The age of criminal responsibility in Australia will remain at ten after the nation’s Attorneys-General failed to raise the age.
In July, the Council of Attorneys-General (CAG) failed to commit to raising the age of legal responsibility from ten to 14. The decision leaves Australia out of step with the rest of the world, at odds with social and medical research, and out of touch with community expectations. In response, a group of NSW-based organisations joined together to condemn the decision and call for urgent action.
“Locking up ten-year-olds is harmful, counter-productive, contrary to evidence and unjust. It is very disappointing that state and territory governments have not seized this opportunity to act,” said Jonathon Hunyor of the Public Interest Advocacy Centre. “The first commitment we need is to stop doing harm. The second is to work with experts and the community — especially Aboriginal and Torres Strait Islander communities — to develop the alternatives we know exist. We will continue to advocate for a system that delivers for the community, with a minimum age of legal responsibility of at least 14.”
A national alliance — called Raise the Age — was formed to highlight the harm caused by forcing children into the criminal legal system. However, despite a vigorous campaign, the CAG deferred the decision to raise the age for at least another 12 months. This means Australian governments will continue to put kids as young as ten years old in prison. And — accounting for around 70 percent of children aged ten to 13 in detention nationally — it will be Aboriginal and Torres Strait Islander children who will continue to be disproportionately impacted.
“We know through our work that Aboriginal children as young as ten are targeted and taken into custody, at risk of being taken to a barbed wire facility, strip searched on entry, given limited access to peers, teachers and supports, and put in a concrete cell,” said Sarah Hopkins, a solicitor at the Aboriginal Legal Service. “Locking up children goes against the evidence and public opinion and is the exact opposite of what Aboriginal communities are asking for when it comes to supporting young people.”
Hopkins added: “In Bourke, Moree, Mount Druitt and other places across NSW, Aboriginal young people are engaging with and exploring community- led justice reinvestment initiatives as a way to build stronger futures and avoid negative contact with the criminal justice system. The money wasted locking kids up would be much better spent supporting these community-led solutions.”
Researched released by the Australia Institute and Change The Record shows that the majority of people surveyed support raising the age to at least 14. And the evidence is clear: the earlier a young person is forced into the criminal legal system, the more likely they are to become caught in the quicksand of the system. Indeed, research conducted by the Australian Institute of Health and Welfare in 2019 showed 94 percent of ten to 13-year-olds incarcerated return to sentenced supervision within 12 months.

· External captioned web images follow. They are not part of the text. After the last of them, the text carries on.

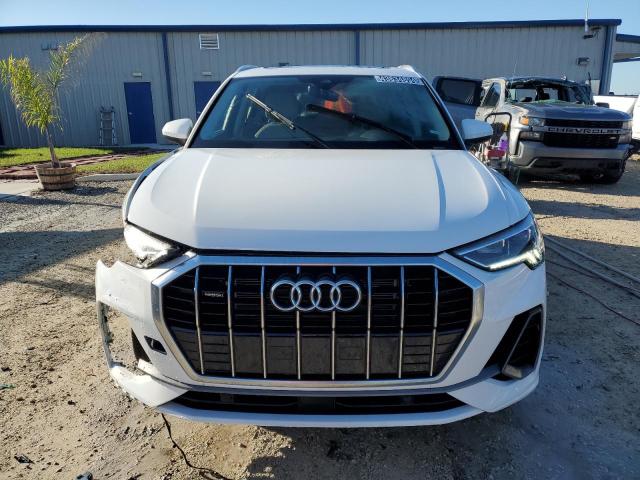 WA1DECF36P1055833 - 2023 AUDI Q3 PREMIUM S LINE 45 WHITE photo 5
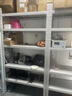 貨架置物架多層倉儲落地超強承重家用儲物間儲藏室重型貨物鐵架子 高200cm四層【主架/可單獨使用】 長100*寬40cm【常規(guī)型300kg】 曬單實拍圖
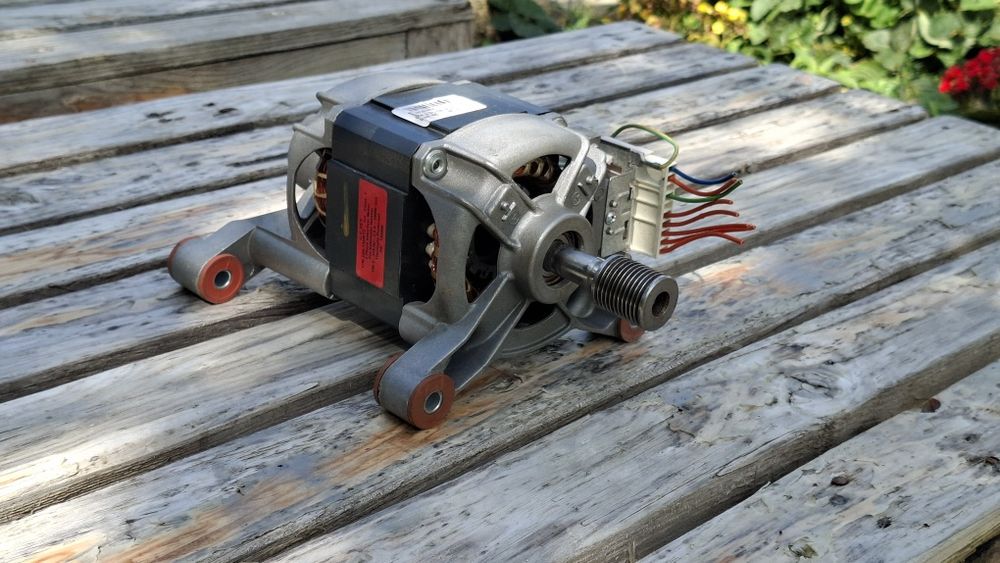 Motor mașină de spălat model CIM 2/55-132/KT2
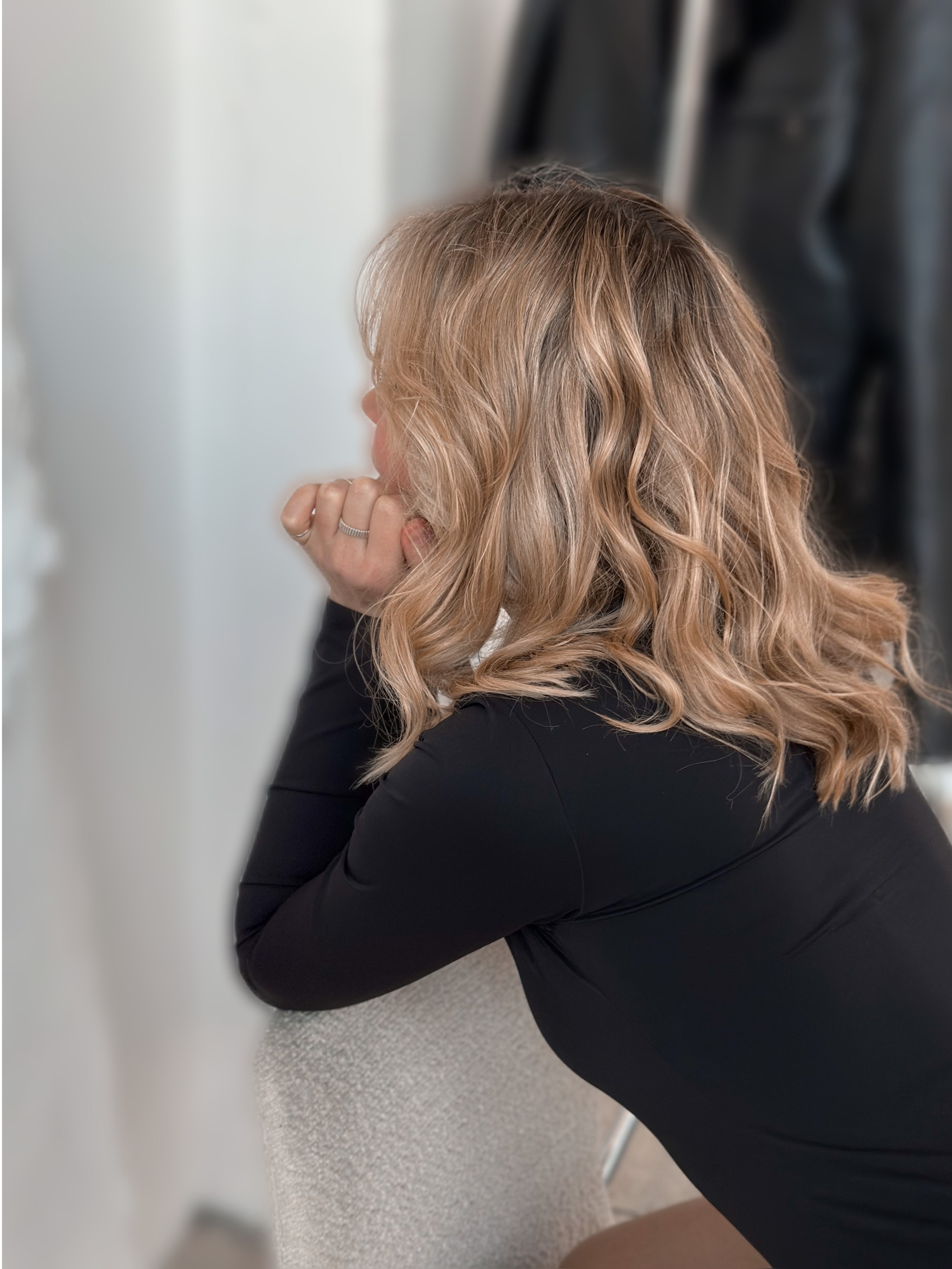 Контент-съёмка для Hair stylist. Креативный визуал * фотограф спб * контент мейкер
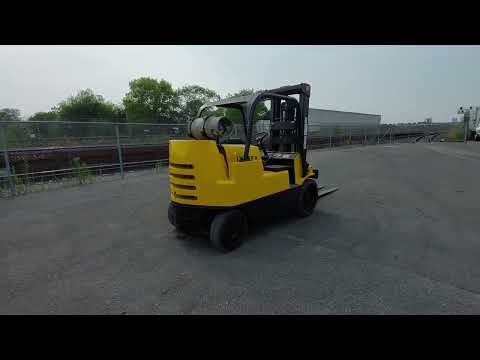 HYSTER S150A FORKLIFTS | Platinum Group (3)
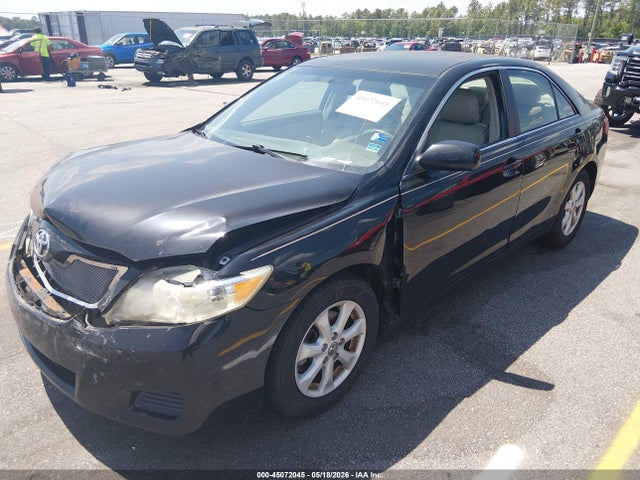 Aukcja sprzedaży 2011 Toyota Camry Le, vin: 4T4BF3EK2BR115229, numer aukcji: 45072045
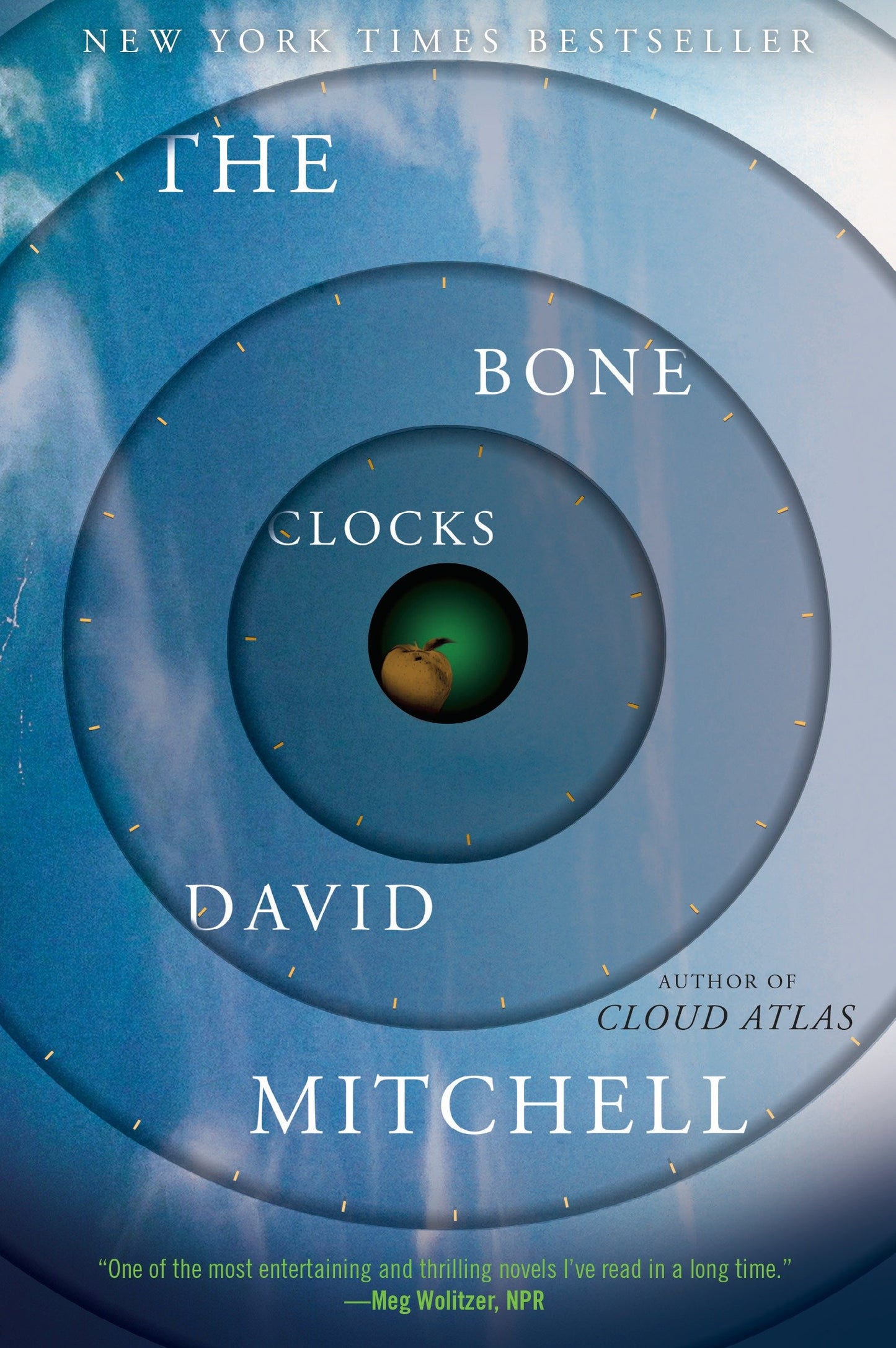 The Bone Clocks - A Novel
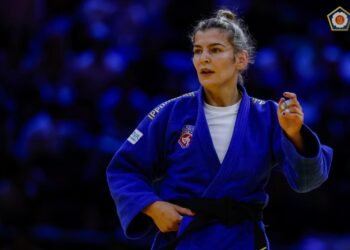 Aleksandra Samardžić među 16 najboljih judašica na Svjetskom prvenstvu!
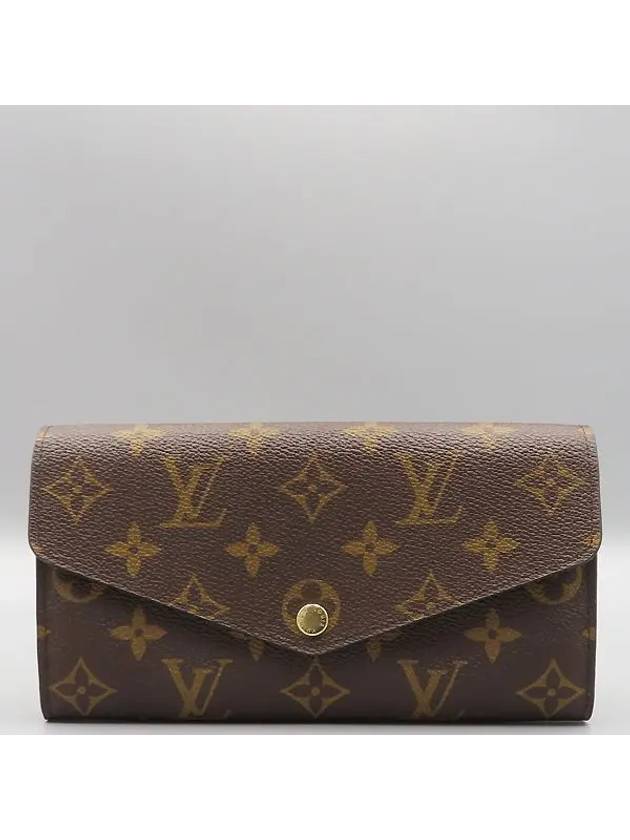 M60531 long wallet - LOUIS VUITTON - BALAAN 2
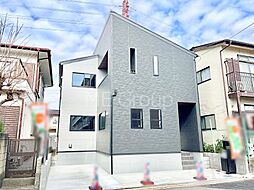 市川市日之出　新築一戸建て　全1棟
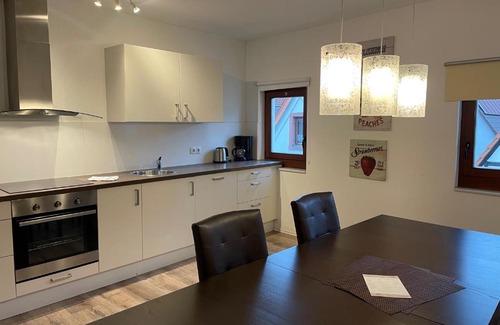 Seckenheim Apartment | Weingärtner Appartements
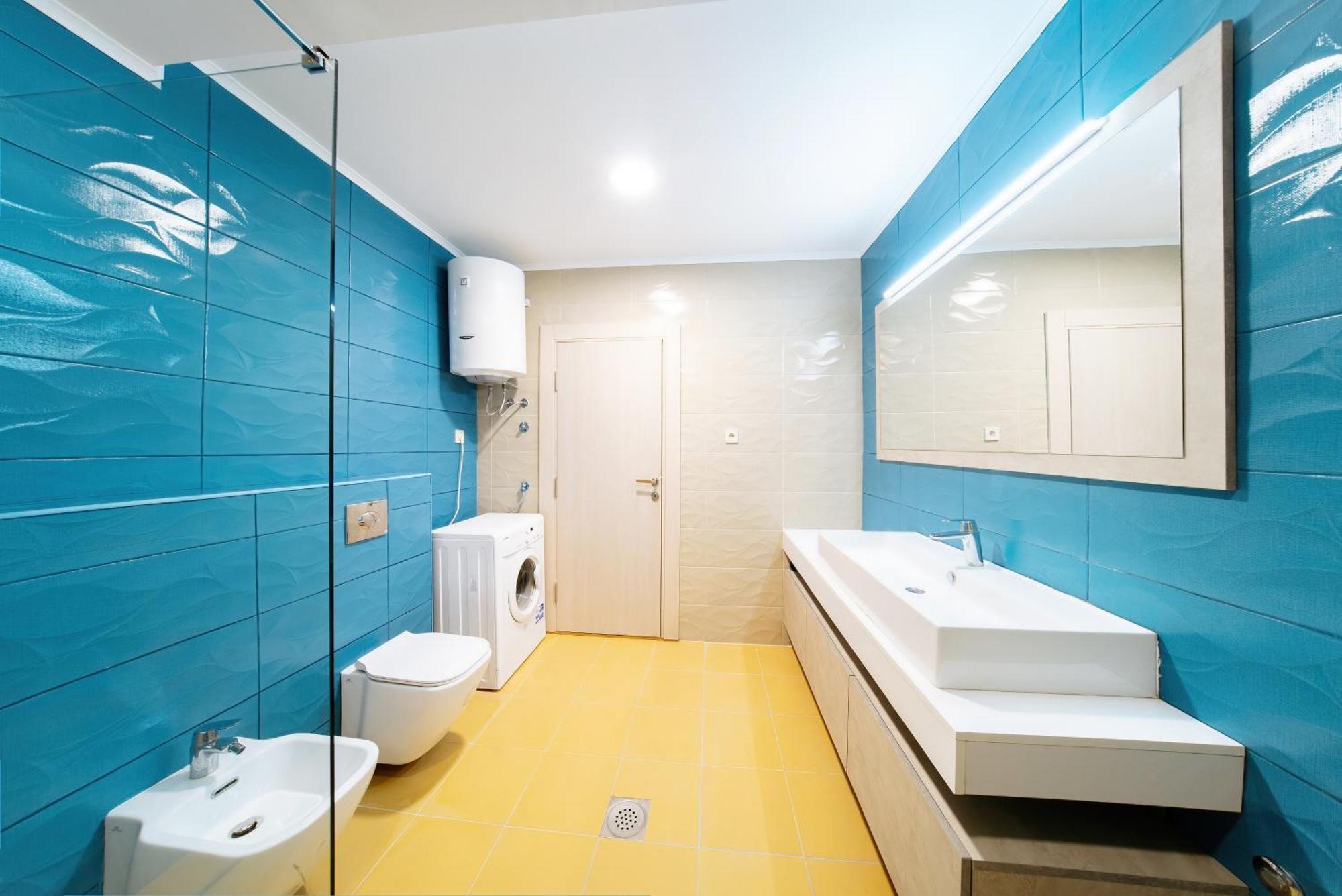 Budva Gate Penthouse ภายนอก รูปภาพ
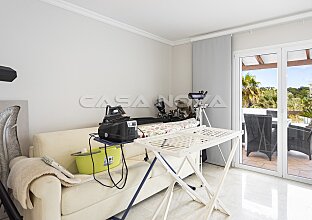 Ref. 1303695 | Meerblick Penthouse mit privatem Pool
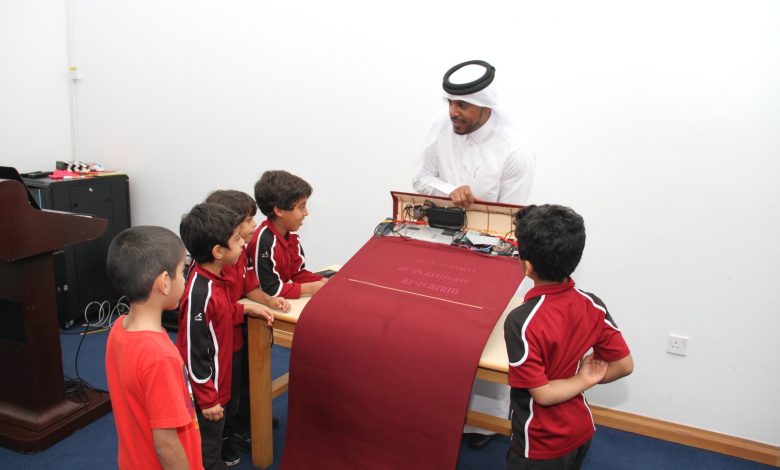 Smart Prayer Mat and Assistive Braille Device awarded QF Funding Smart Prayer Mat and Assistive Braille Device awarded QF Funding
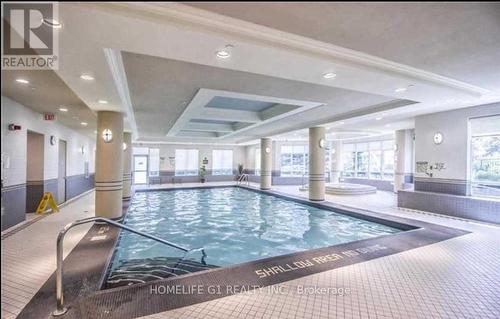 1048 - 25 Viking Lane, Toronto, ON - Indoor Photo Showing Other Room With In Ground Pool
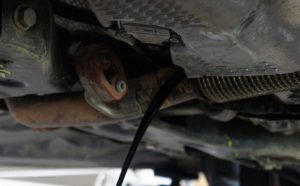 Масло в двигателе почернело: почему так происходит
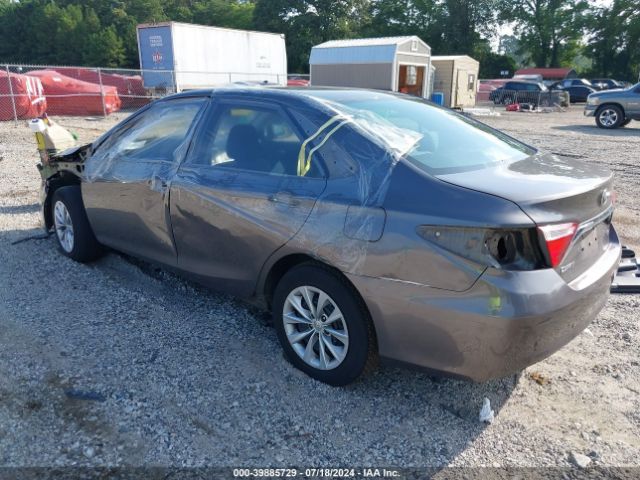 4T1BF1FK1GU567256 Toyota CAMRY LE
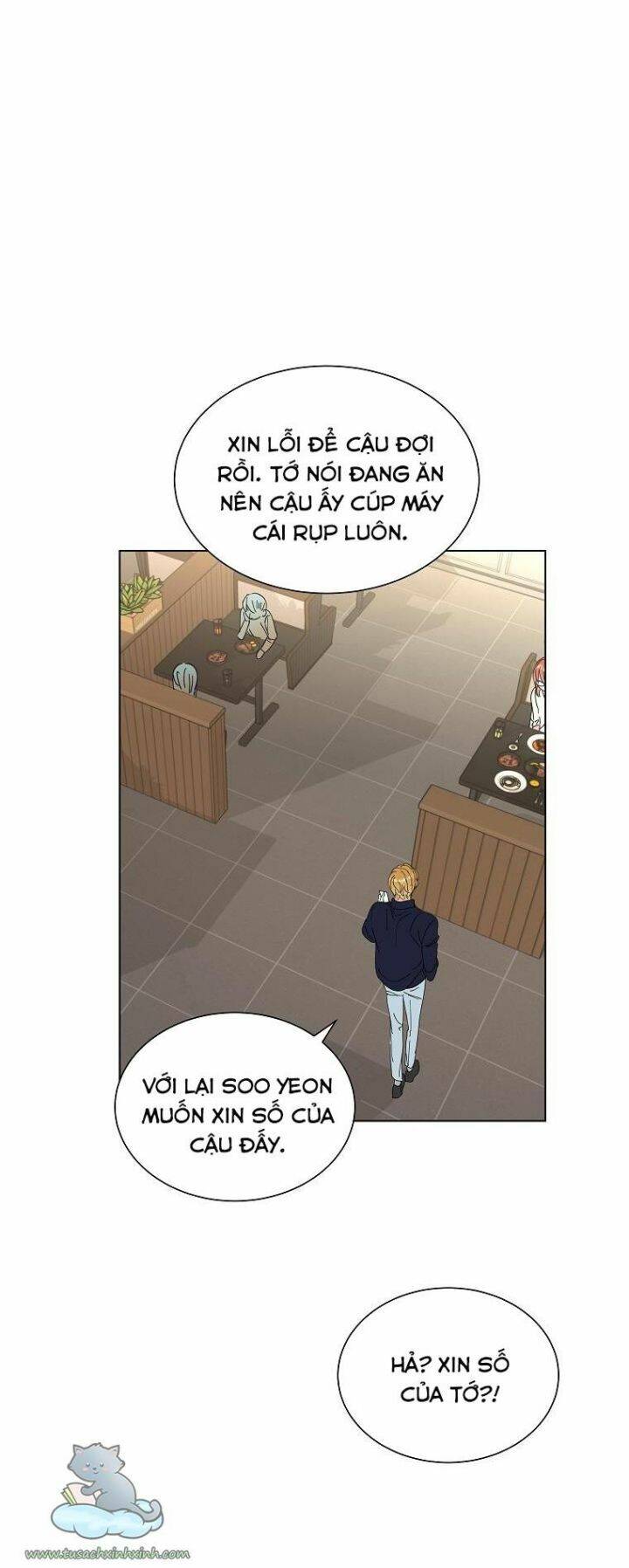 Nam Chính Chuẩn Gu Chapter 25 - Trang 2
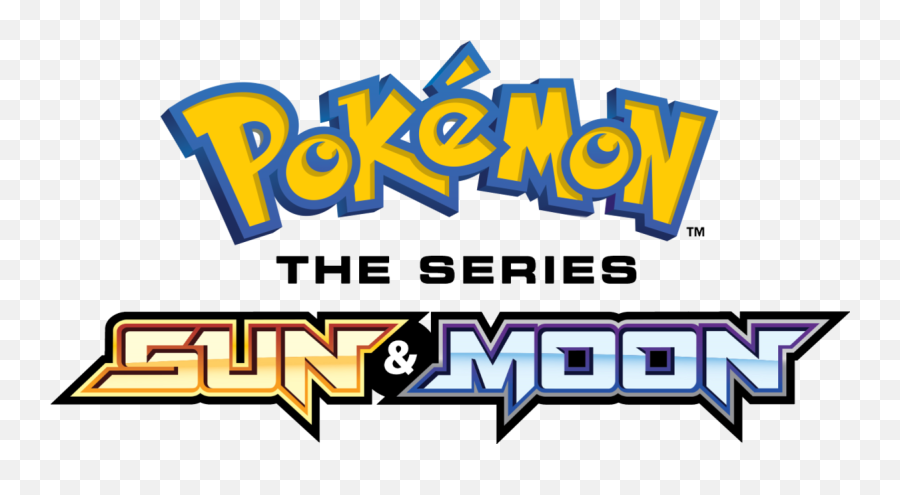 Sun Moon - Pokemon Sun And Moon Png Emoji,Anime Logo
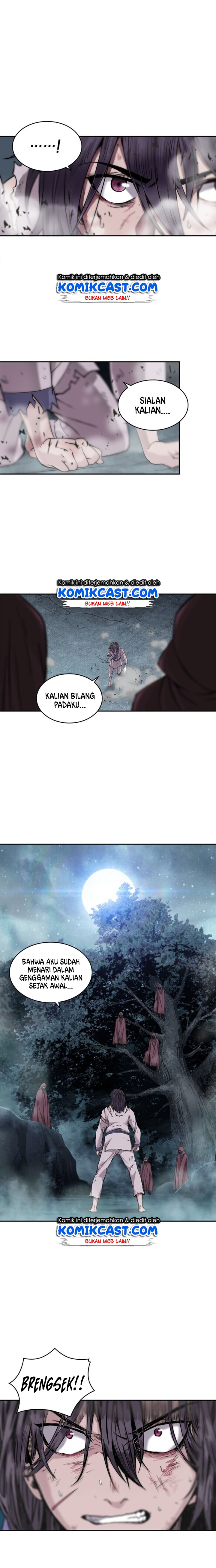 Nano Machine Chapter 01 Gambar 4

Raise the Age advocates will continue to lobby the NSW government to focus its priorities on providing appropriate services and supports to help children to grow, learn and flourish — rather than for them to be handcuffed and locked away in prison cells. “Every child deserves to be healthy and to reach their potential. Governments could immediately stop forcing kids into the criminal justice system and instead ensure we’re supporting kids to thrive in community and culture,” said Karly Warner, Aboriginal Legal Service CEO. “The Council of Attorneys-General had a historic opportunity to raise the age, but they failed to act. We don’t lack solutions, our politicians lack political will.”